To update a probability based on changed information, you divide the previous probability of the event in question by the sum of previous probabilities of the new minimal partition:

7. P(heads|awake) has several possible values. It is not unique unless assumptions are made that are not explicitly stated in the problem.

A rational Sleeping Beauty can compute the fair price X for the bet "Bet owner gets \$1 if the coin landed heads and must pay the purchase price twice if the coin landed tails". (Sleeping beauty must set one price X for betting on heads that applies on both Monday and Tuesday because she cannot distinguish one day from the other) The answer for the "fair price" is X = 1/3 and this is calculated independently of the controversial P(heads| awake). It only requires using the unconditional probability P(heads) = 1/2.

The answer from the betting strategy computation does not have the interpretation of being Sleeping Beauty's estimate of P(heads|awake). She doesn't use any estimate of P(heads|awake) to calculate X = 1/3. And she is not making the "pure" bet "Bet owner gets \$1 if the coin landed heads". The actual bet she is offered has more consequences.

There are various plausible assumptions that lead to the "thirder" answer. They involve somehow connecting the expected frequencies for the events (heads, Monday, awake), (tails, Monday, awake), (tails, Tails, Tuesday, awake) as generated by the experiment to the probabilities that those situations are the single situation that happens "when Sleeping Beauty awakes". However, there is no information in the problem that explicitly makes such a connection.

The "halfer" answer for P(Heads | awake) is not unique, but it satisfies the given information. It does not contradict that the best betting strategy is X = 1/3 because a rational "halfer" would calculate X in the same manner as indicated above.

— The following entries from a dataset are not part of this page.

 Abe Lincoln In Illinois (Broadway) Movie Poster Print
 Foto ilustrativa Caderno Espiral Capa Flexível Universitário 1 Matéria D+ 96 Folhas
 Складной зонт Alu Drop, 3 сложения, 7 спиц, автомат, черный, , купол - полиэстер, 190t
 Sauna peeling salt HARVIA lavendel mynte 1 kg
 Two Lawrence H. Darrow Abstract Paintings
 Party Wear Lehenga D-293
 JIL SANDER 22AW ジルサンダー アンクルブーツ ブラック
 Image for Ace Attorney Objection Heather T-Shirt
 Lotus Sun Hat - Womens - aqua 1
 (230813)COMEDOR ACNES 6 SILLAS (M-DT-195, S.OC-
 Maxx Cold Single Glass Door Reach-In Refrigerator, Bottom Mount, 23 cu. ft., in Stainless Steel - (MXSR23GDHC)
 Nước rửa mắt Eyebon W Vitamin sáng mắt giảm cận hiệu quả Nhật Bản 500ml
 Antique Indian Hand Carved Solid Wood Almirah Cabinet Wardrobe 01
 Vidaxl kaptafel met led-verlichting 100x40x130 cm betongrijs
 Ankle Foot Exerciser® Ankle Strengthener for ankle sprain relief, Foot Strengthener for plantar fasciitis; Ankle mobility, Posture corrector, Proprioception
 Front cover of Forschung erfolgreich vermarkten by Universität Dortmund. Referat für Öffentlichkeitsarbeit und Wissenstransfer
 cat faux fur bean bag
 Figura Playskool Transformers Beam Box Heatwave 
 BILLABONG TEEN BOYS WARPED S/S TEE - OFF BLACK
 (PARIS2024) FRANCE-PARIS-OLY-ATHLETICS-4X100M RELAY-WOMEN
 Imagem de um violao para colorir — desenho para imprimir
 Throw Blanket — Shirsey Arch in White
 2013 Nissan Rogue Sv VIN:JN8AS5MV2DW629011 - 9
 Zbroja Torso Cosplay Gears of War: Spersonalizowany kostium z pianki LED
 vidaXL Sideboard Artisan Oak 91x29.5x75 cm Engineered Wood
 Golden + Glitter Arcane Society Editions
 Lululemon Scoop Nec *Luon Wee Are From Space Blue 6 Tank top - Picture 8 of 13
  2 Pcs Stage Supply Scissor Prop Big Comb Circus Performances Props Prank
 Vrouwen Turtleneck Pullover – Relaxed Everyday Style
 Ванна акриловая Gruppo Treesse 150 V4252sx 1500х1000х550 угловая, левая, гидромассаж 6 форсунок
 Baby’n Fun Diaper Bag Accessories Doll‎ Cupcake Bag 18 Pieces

A specific model for the probability distribution of the situation "when Sleeping Beauty is awakened" that is consistent with the "halfer" answer is:
1) Toss the coin and run the experiment. 2) From the sitation(s) that arise the experiment, pick a situation, giving each situation the same probability of being selected if we must pick from among two.

That model produces conditional probabilities that offend somes people's intuition, but it does not mathematically contradict any information given in the problem. The "halfer" answer in not the unique answer for P(heads | awake) because there is also a "thirder" probability model that is consistent with the information given in the problem.

It's tempting to think that the Sleeping Beauty problem is equivalent to a typical balls-in-urns problem. For example, Urn H contains 1 amber-colored ball and one sienna-colored ball. Urn T contains 2 amber colored balls. A fair coin is flipped. Urn H is chosen if the coin lands heads, otherwise urn T is chosen. A ball is drawn at random from the chosen urn.

Question 1) Given the ball that is drawn is amber-colored, what is the probability that Urn H was chosen?

However that does not exemplify the scenario in the Sleeping Beauty problem. By analogy to the Sleeping Beauty problem , all the balls are drawn from the selected urn. Then the ill-posed question is asked:

Question 2: Upon observing a draw where the ball is amber colored, what is the probability that Urn H was selected.

Question 2 does not say that each of the two balls that are drawn have the same probability of being the one observed. It doesn't specify that the draw observed is the first draw or the second draw. It doesn't rule out that the observer has some bias -like always choosing to observe only the first draw from urn T.

Since P(heads | awake) has no objectively calculable value, one may resort to making assumptions by invoking The Principle of indifference. If we believe that the Principle of Indifference cannot be paradoxical then all solutions computed that way should be the same.